Supplied records Block Start

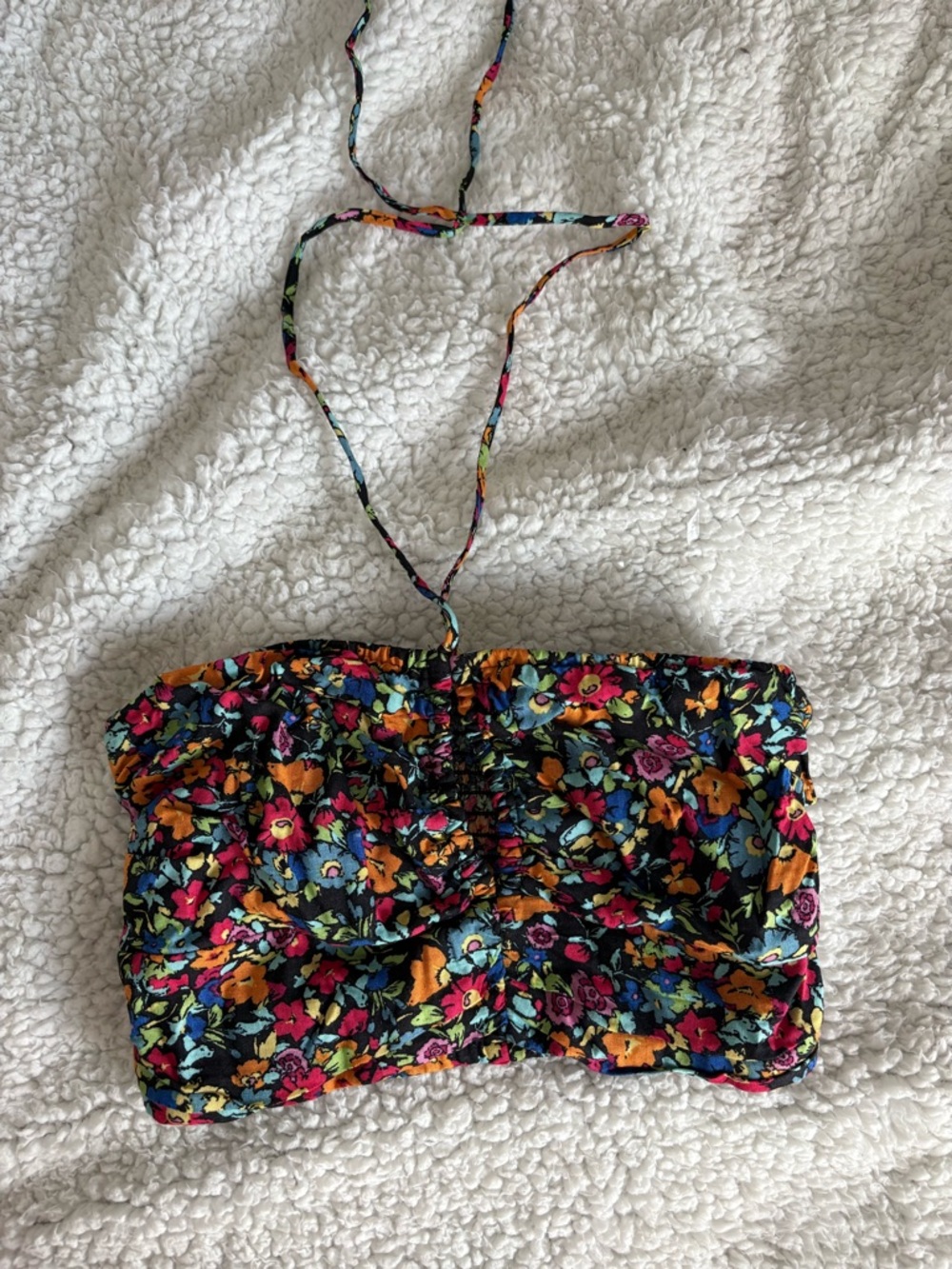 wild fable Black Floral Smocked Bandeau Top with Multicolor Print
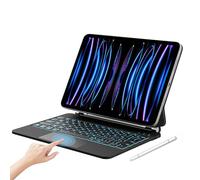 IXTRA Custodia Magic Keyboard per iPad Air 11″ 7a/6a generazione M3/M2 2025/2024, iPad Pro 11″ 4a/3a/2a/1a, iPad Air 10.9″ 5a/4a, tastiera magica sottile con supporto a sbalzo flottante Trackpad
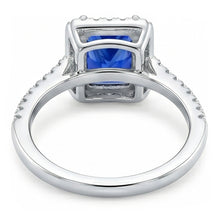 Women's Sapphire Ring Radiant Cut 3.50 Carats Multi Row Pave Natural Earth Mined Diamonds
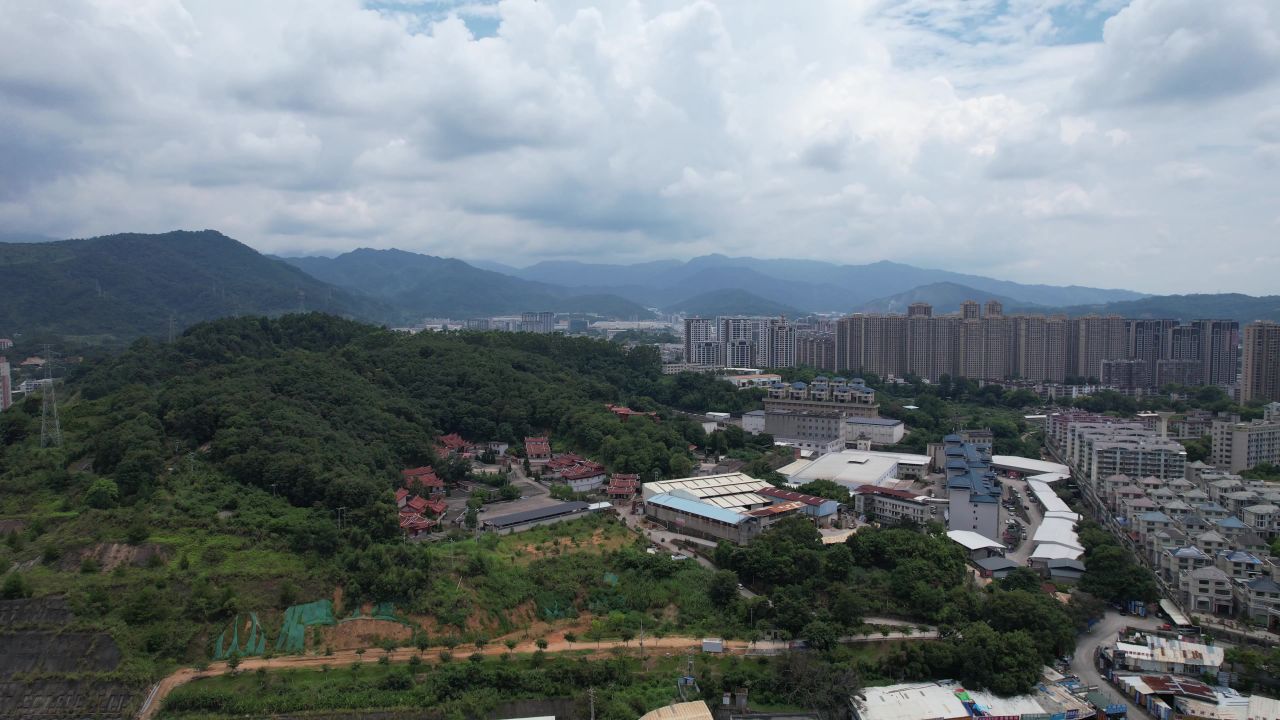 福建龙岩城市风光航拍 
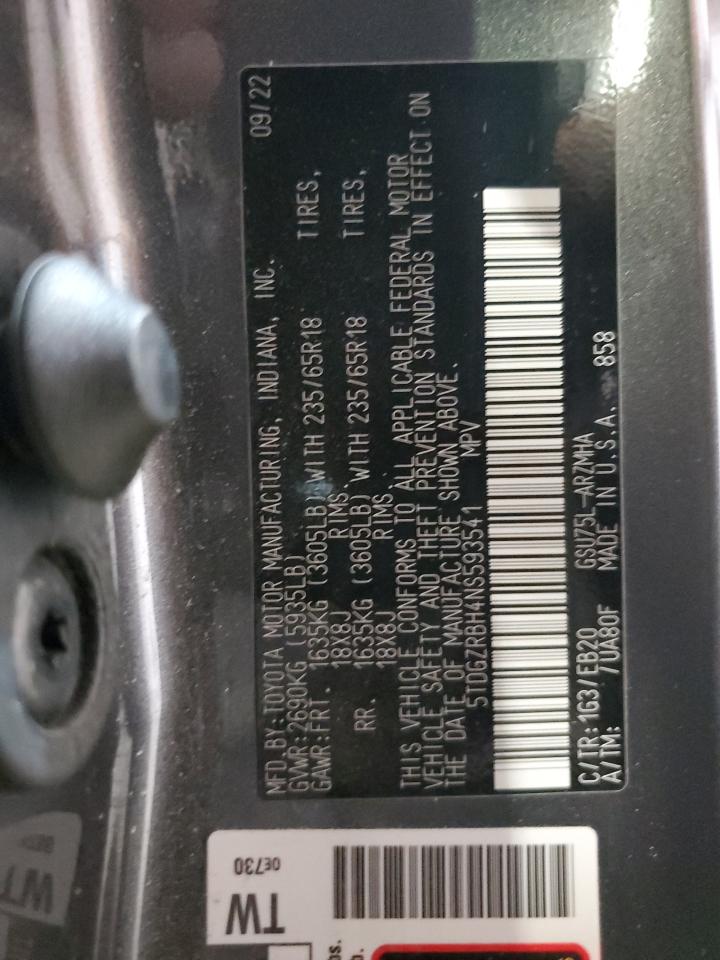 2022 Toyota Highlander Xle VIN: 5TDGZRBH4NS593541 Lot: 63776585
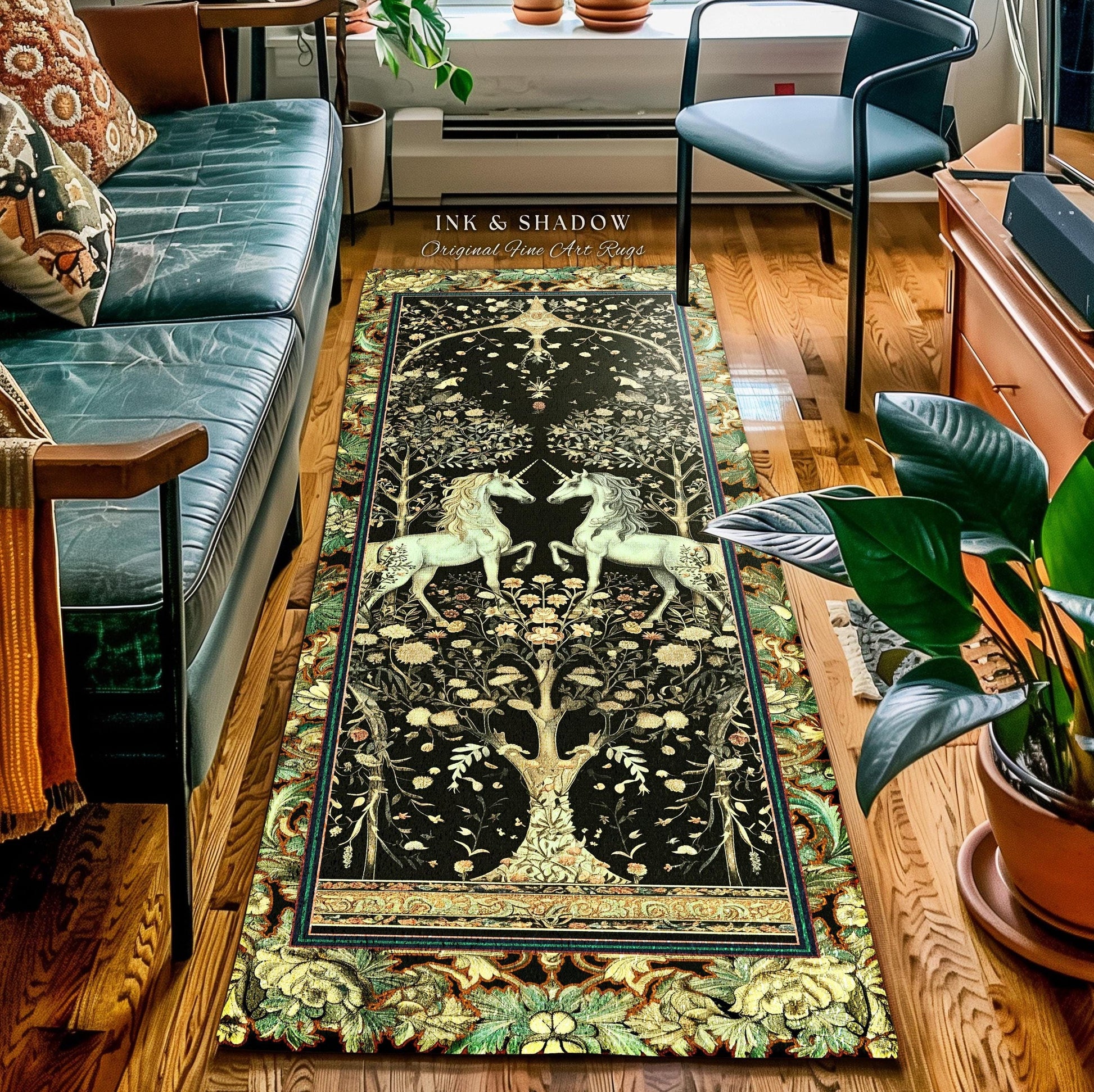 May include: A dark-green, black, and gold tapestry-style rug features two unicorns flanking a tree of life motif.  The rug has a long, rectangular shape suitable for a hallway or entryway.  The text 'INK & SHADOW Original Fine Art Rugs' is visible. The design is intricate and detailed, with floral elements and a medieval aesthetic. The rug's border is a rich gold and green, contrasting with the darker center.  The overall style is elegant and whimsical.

Supplied records Block End

Word for word and without pictures, please write out only the lines from the start of the entries through the line containing "IXTRA Custodia Magic", both included.

### Your response
 wild fable Black Floral Smocked Bandeau Top with Multicolor Print
 IXTRA Custodia Magic Keyboard per iPad Air 11″ 7a/6a generazione M3/M2 2025/2024, iPad Pro 11″ 4a/3a/2a/1a, iPad Air 10.9″ 5a/4a, tastiera magica sottile con supporto a sbalzo flottante Trackpad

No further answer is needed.